Debezium New Record State Extraction SMT doesn't work properly in case of DELETE


I'm trying to apply Debezium's New Record State Extraction SMT using the following configuration:

"transforms": "unwrap",
"transforms.unwrap.type": "io.debezium.transforms.ExtractNewRecordState",
"transforms.unwrap.drop.tombstones": true,
"transforms.unwrap.delete.handling.mode": "rewrite",
"transforms.unwrap.add.fields": "db,schema,table,txId,ts_ms"

For INSERT and UPDATE operations I get the messages as expected, but in case of DELETE I get the following as a payload:

"payload": {
    "id": 2,
    "first_name": "",
    "last_name": "",
    "__db": "postgres",
    "__schema": "schema1",
    "__table": "user_details",
    "__txId": 5145,
    "__ts_ms": 1638760801510,
    "__deleted": "true"
  }

As you can see above, both first_name and last_name fields have empty values, though the record I deleted has non-empty values for both of those fields. What I expect to see as a value for those 2 fields is their value at the moment of deletion as it is shown in debezium's before payload chunk in case when New Record State Extraction SMT is not applied.


Solution

  • The reason of empty values for all columns except the PK is not related to New Record State Extraction SMT at all. For postgres, there is a REPLICA IDENTITY table-level parameter that can be used to control the information written to WAL to identify tuple data that is being deleted or updated.

    This parameter has 4 modes:

    • DEFAULT
    • USING INDEX index
    • FULL
    • NOTHING

    In the case of DEFAULT, old tuple data is only identified with the primary key of the table. Columns that are not part of the primary key do not have their old value written.

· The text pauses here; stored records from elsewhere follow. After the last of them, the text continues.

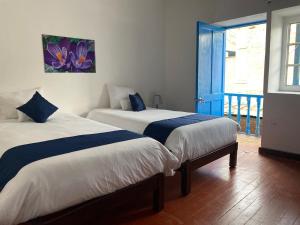 two beds in a room with a door to a balcony at Runa House in Cusco +5 photos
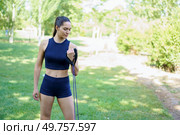 In the sunny park, a woman in activewear is using a resistance band for strength and conditioning exercises. She is effectively toning her body during this outdoor training session. A woman is exercising in a park with a resistance band on a sunny day, focusing on her fitness and wellbeing. Стоковое фото, агентство Ingram Publishing / Фотобанк Лори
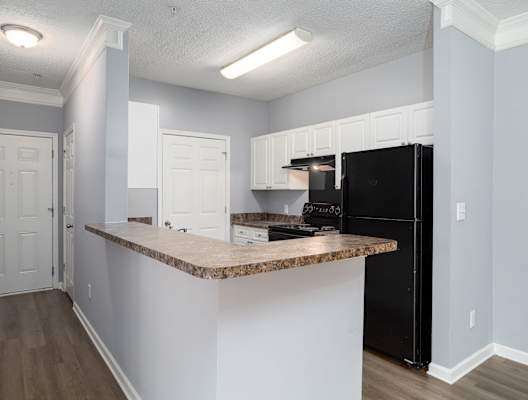 a kitchen with an island and a black refrigerator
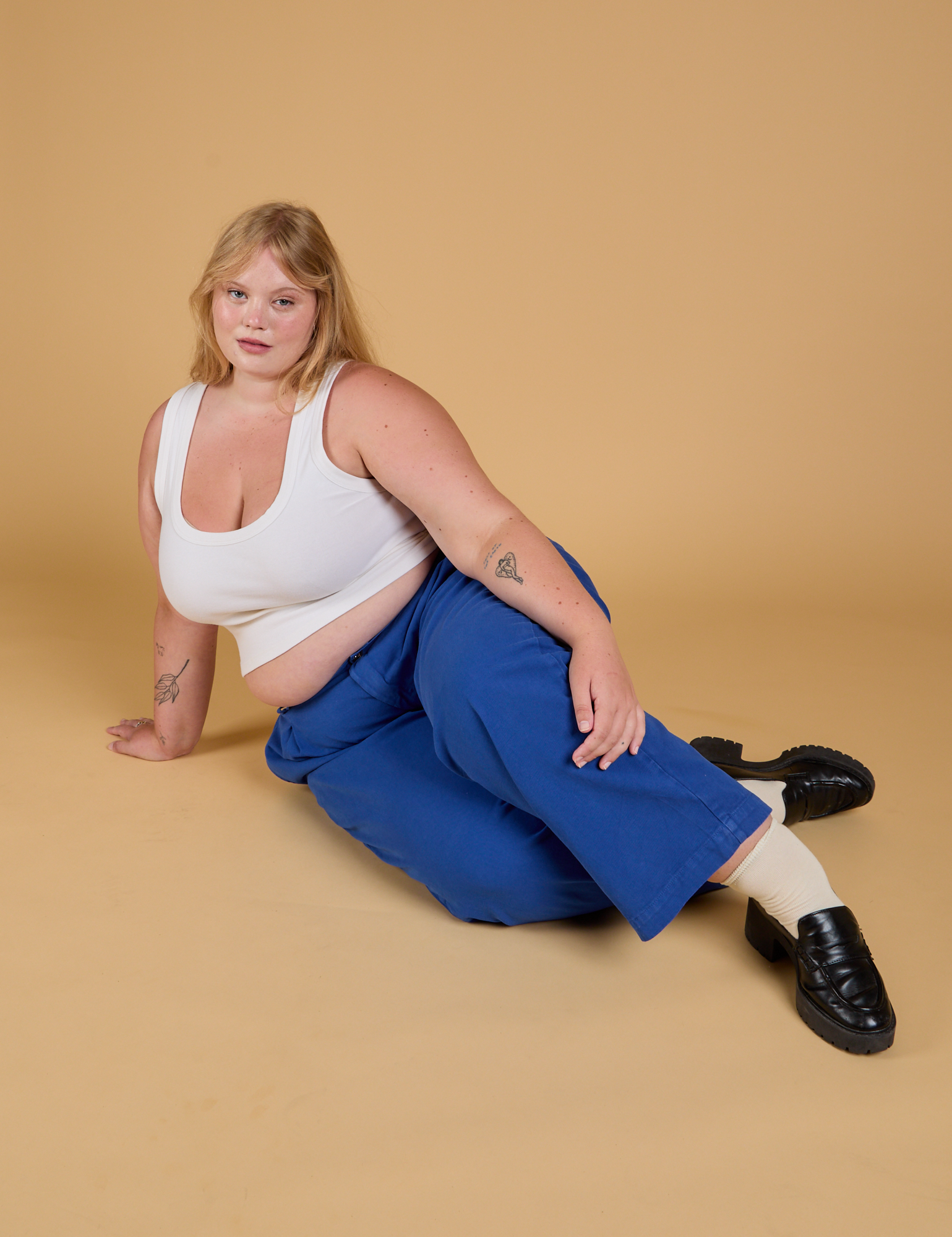 Baggy Mid-Rise Trousers in Royal Blue and vintage tee white Cropped Tank worn by Juliet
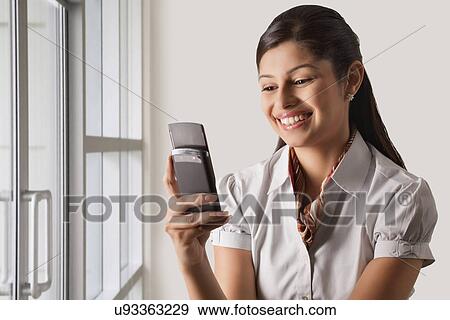 Smiling young businesswoman text messaging at office View Large Photo Image Stock Photo - Smiling young businesswoman text messaging at office . Fotosearch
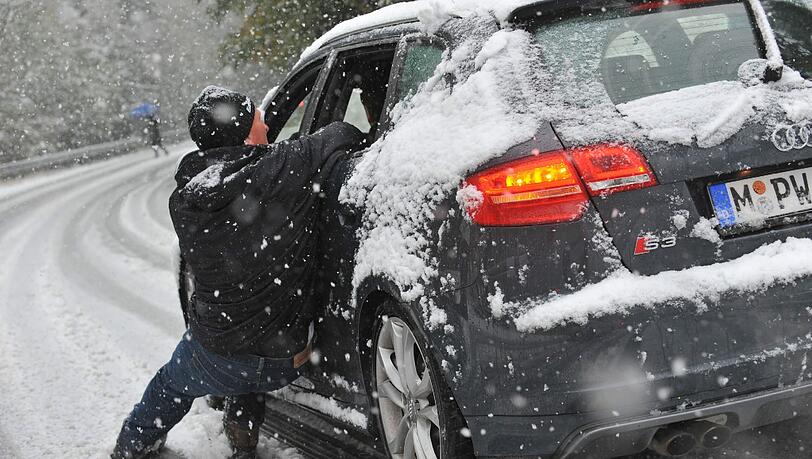 Dieser Mann versucht verzweifelt, auf der abschüssigen Straße am Spitzing sein rutschendes Auto zu stoppen. Dieser Mann versucht verzweifelt, auf der abschüssigen Straße am Spitzing sein rutschendes Auto zu stoppen.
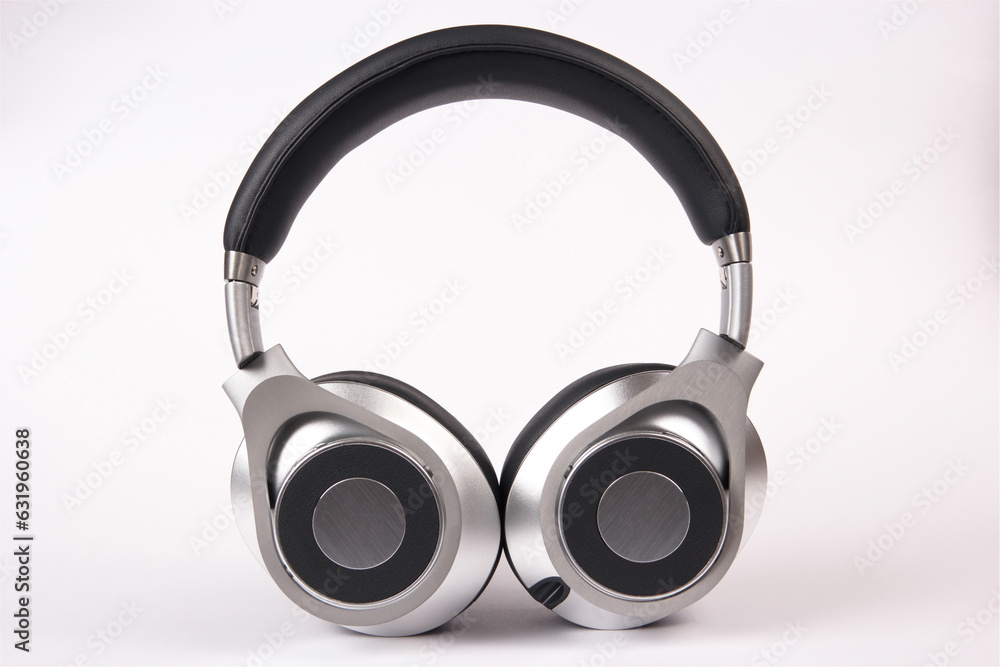 Stylish modern black and silver headphones on light background. Stylish modern black and silver headphones on light background.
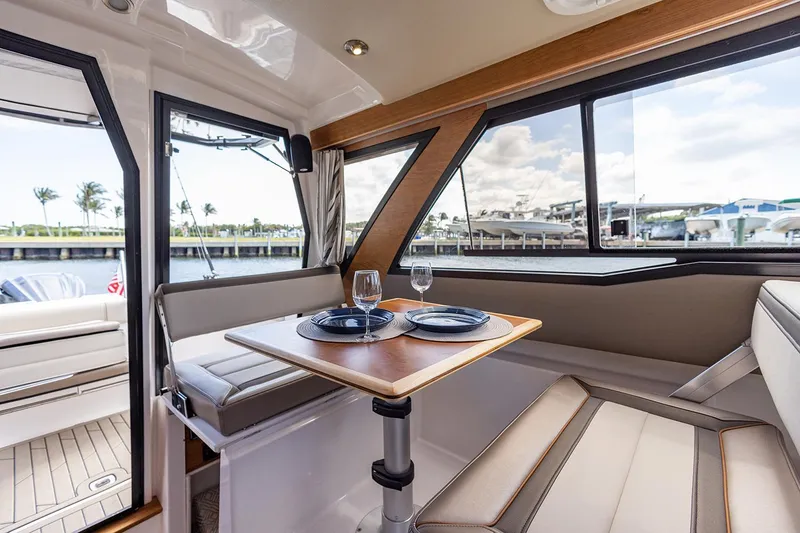 Slide: The Image of Manufacturer Provided Image: Interior of 2022 Cutwater C-248 Coupe with dining area and waterfront view. - 9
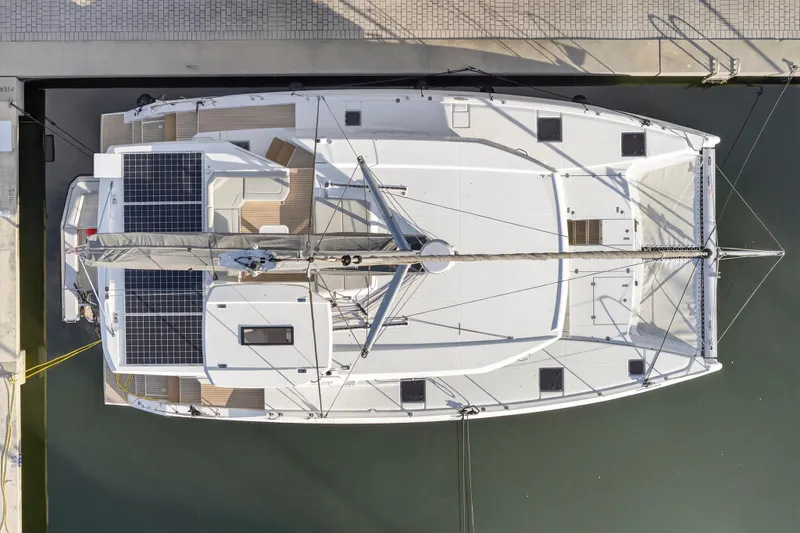  Yacht Photos Pics Aerial view of 2025 Leopard 46 catamaran docked, featuring solar panels and spacious deck.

    In the case of FULL, all the column values of old tuple are properly written to WAL all the time. Hence, executing the following command for the target table will make the old record values to be properly populated in debezium message:

    ALTER TABLE some_table REPLICA IDENTITY FULL;
    

    NOTE!! FULL is the most verbose, and as well the most resource-consuming mode. Be careful with it particularly for heavily-updated tables.